## Record set
"""
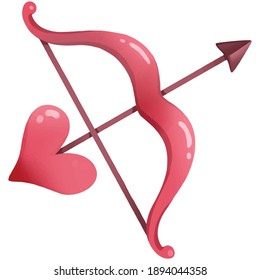 Red heart bow and arrow illustration. The bow and arrow are crossed. Putting a bow to shoot. Vector Illustration. This cute illustration design decorations for the festival of love on Valentine's Day.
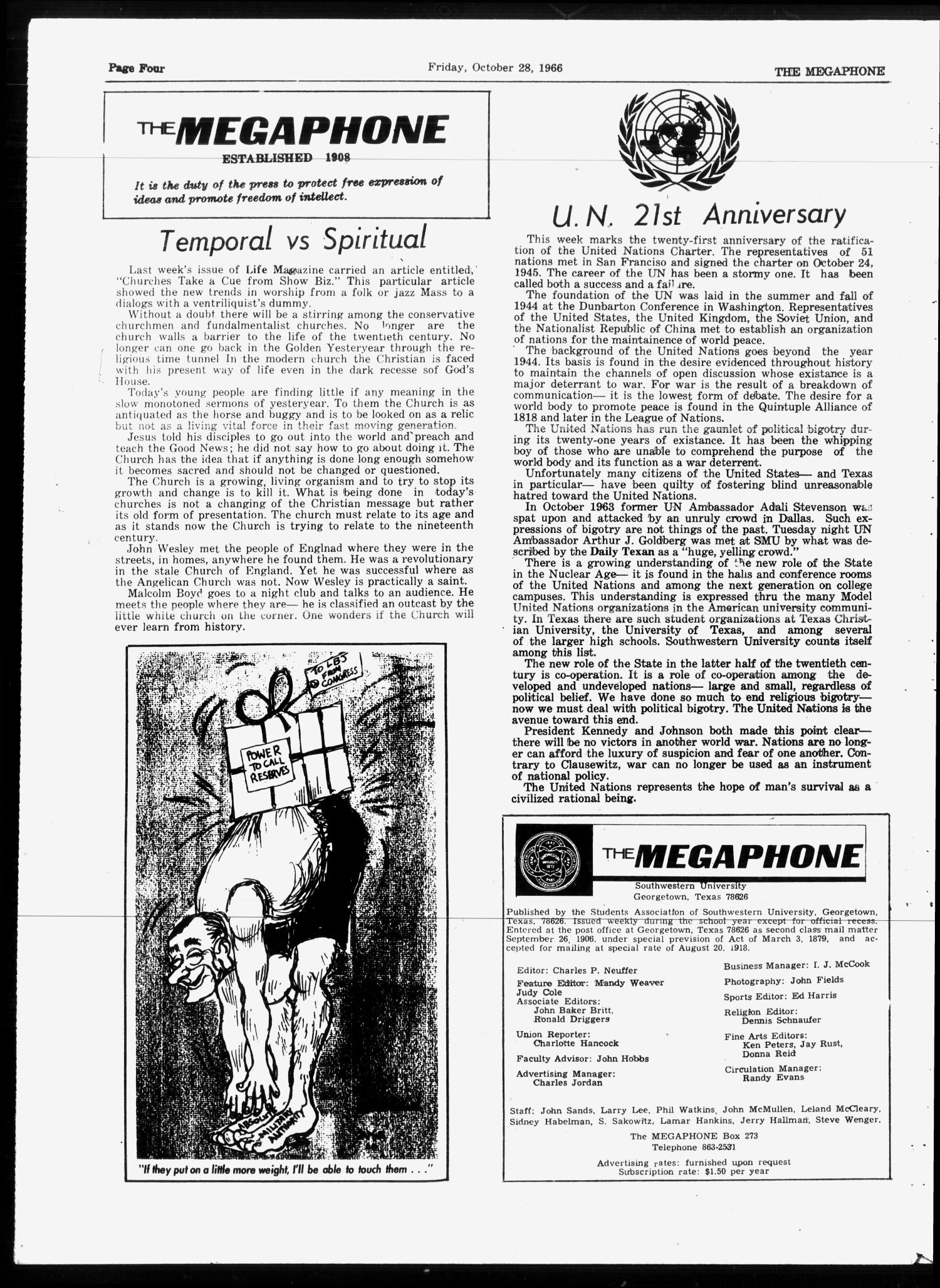 The Megaphone (Georgetown, Tex.), Vol. 60, No. 8, Ed. 1 Friday, October 28, 1966
                                                
                                                    [Sequence #]: 4 of 8
                                                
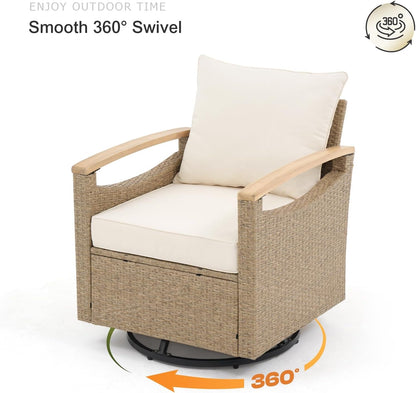 6-Piece Patio Wicker Conversation Set, Outdoor Sofa & Swivel Chairs4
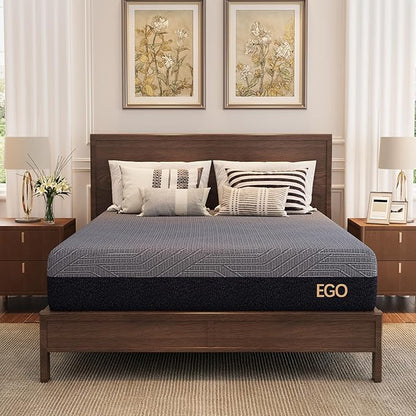 EGOHOME 10 Inch King Mattress, Copper Gel Cooling Memory Foam Mattress for Back Pain Relief,Therapeutic Double Mattress Bed in a Box, Made in USA, CertiPUR-US Certified, 76x80x10 Black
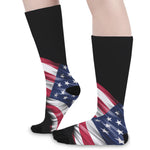 American Flag Wing Print Long Socks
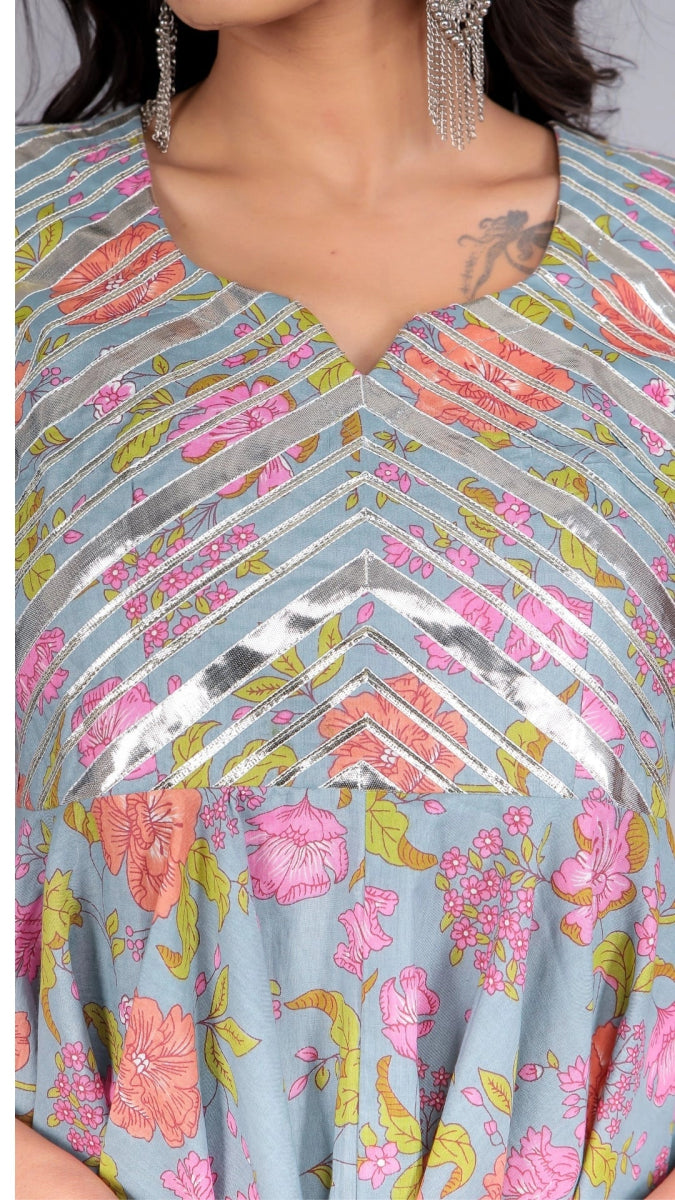 CHAAVI POWDER BLUE COTTON SHARARA SET - Pomcha Jaipur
"""
## What is needed
Pictures are to be omitted from the copy. Reproduce exactly, and only, the lines from the one containing "American Flag Wing Print Long Socks" to the end of the listing above.

## Written response
 American Flag Wing Print Long Socks
 CHAAVI POWDER BLUE COTTON SHARARA SET - Pomcha Jaipur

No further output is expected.